Вспомним, как эта его черта поразила помешанного на сексуальных проблемах В.Розанова: «…Антон Павлович раз приехал в Рим. С ним были друзья, литераторы. Едва передохнув, они шумно поднялись, чтобы ехать осматривать Колизей, и вообще что там есть. А Антон Павлович отказался: он расспросил прислугу, какой здесь более всего славится дом терпимости, и поехал туда. И во всяком новом городе, в какой бы он не приезжал, он раньше всего ехал в такой дом».
Чисто екклесиастские черты и настроения Чехова сохранил для нас и А.Суворин: «И в Петербурге, и в Москве он любил до странности посещать кладбища, читать надписи на памятниках или молча ходить среди могил».
И еще: «С ним мы дважды ездили за границу. В оба раза мы видели Италию. Его мало интересовало искусство, статуи, картины, храмы, но тотчас по приезде в Рим ему захотелось за город, полежать на зеленой траве. Венеция захватывала его своею оригинальностью, но больше всего жизнью, серенадами, а не дворцом дожей и проч.
В Помпее он скучно ходил по открытому городу — оно и действительно скучно, но сей же час с удовольствием поехал верхом на Везувий, по очень трудной дороге, и все хотел подойти поближе к кратеру. Кладбища за границей его везде интересовали, — кладбища и цирк с его клоунами, в которых он видел настоящих комиков».
Из этого сам Суворин сделал вывод, что «это как бы определяло два свойства его таланта — грустное и комическое, печаль и юмор, слезы и смех и над окружающим, и над самим собою!» Надо полагать, что в действительности все было гораздо глубже: цирк и кладбище были для Чехова моделью человеческого мира, а партия клоуна в цирковом представлении символизировала для него судьбу и одиночество человека в этом безразличном или враждебном ему мире.
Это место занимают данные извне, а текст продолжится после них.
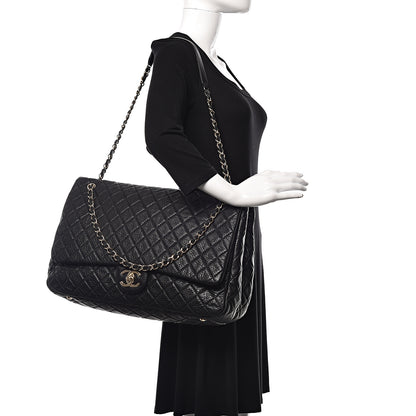 Chanel Calfskin Quilted XXL Travel Flap Bag Black 2 of 10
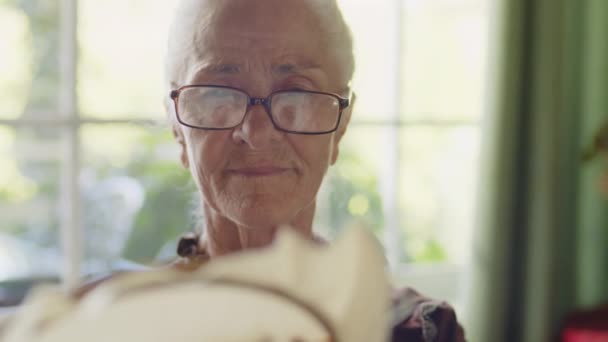 Выборочный Фокус Портрет Кавказской Бабушки Проводящей Время Дома Занимающейся Вышивкой — стоковое видео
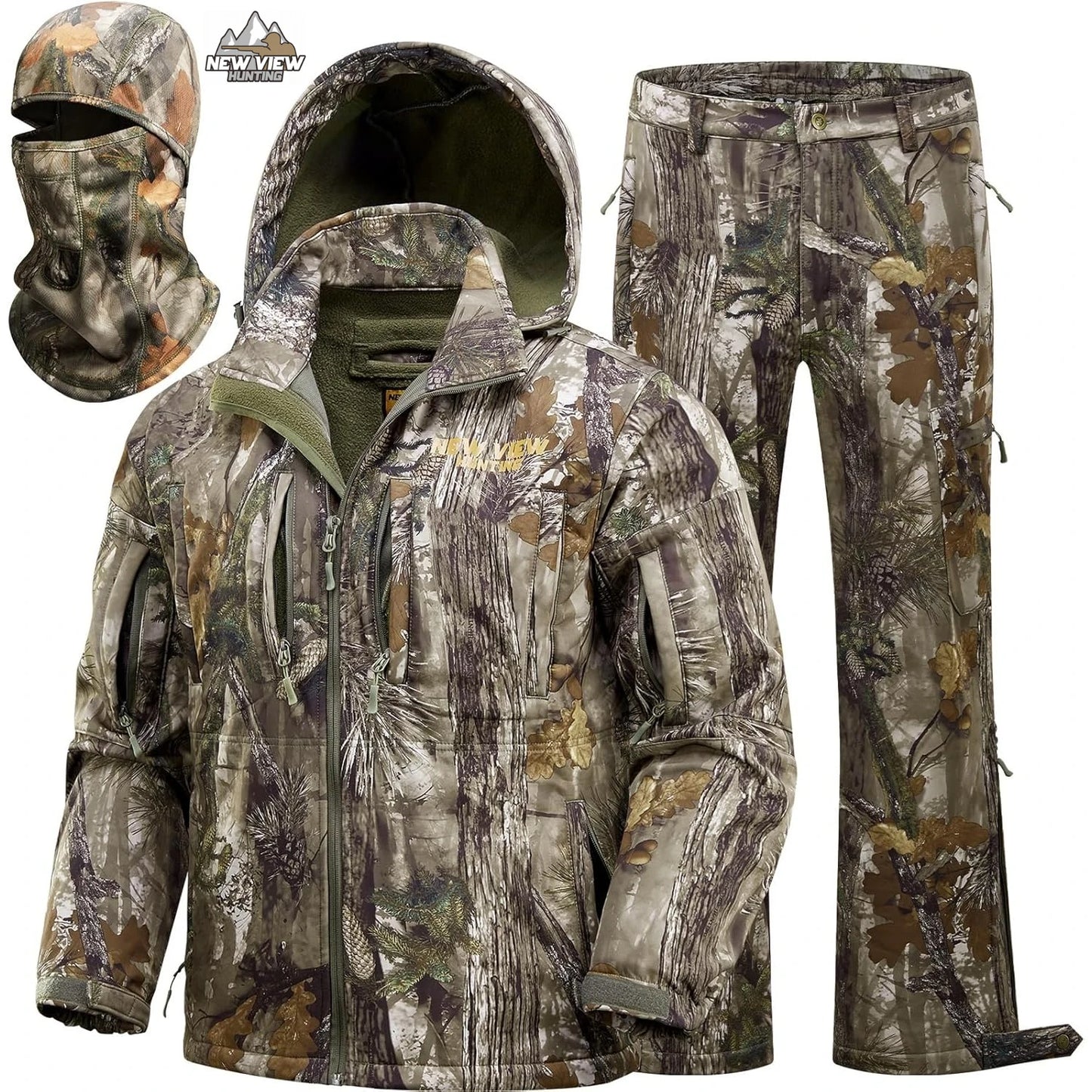 NEW VIEW Camo Hunting Clothes for Men, Quiet Warm Fleece Lining, Cold Weather Deer Hunting Jacket and Pants with Face Mask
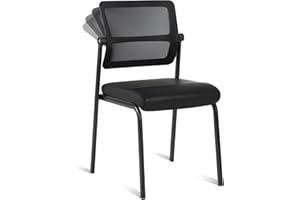 CLATINA Stackable Waiting Room Chair with Adjustable Mesh Backrest, Armless Office Guest Reception Chairs with Leather Cushion and Ergonomic Lumbar Support for Conference Lobby Side School, Black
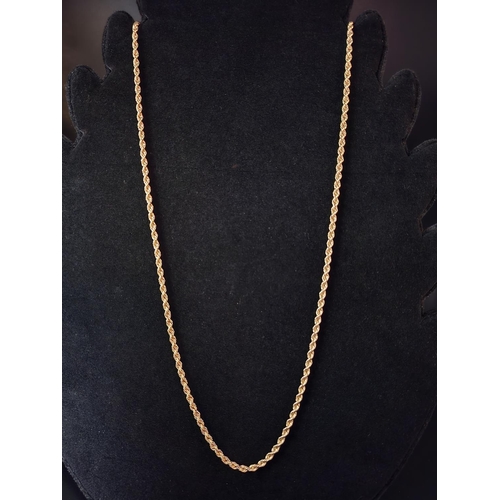 10 - 9ct gold rope necklace 3.5 grams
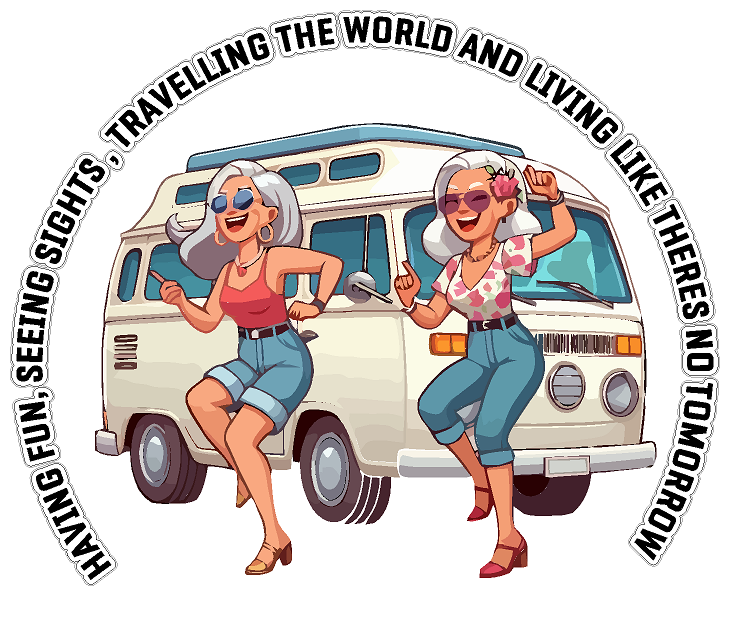 Living like theres no tomorrow, 2 partying ladies , Motorhome Camper Decal Vinyl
Вообще отношение современников к «странностям» гениального писателя убеждает нас в их глубоком непонимании характера и мировоззрения Чехова. Они считали, что он был не способен к адекватному восприятию европейских ценностей. На деле же он просто везде был «своим» — в Японии и на Цейлоне, в Италии и Франции, в Славянске и в Святых Горах, и об этом свидетельствуют его письма с мельчайшими подробностями чужой и в то же время ясной и близкой ему жизни. Для него не существовало жизни французской или итальянской, немецкой или японской. Он был человеком во Вселенной, и, как и для царя Соломона, для него существовала лишь одна жизнь — жизнь человеческая. Случай представится, и он скажет об этом прямо:
«И зачем писать об евреях так, что это выходит «из еврейского быта», а не просто «из жизни».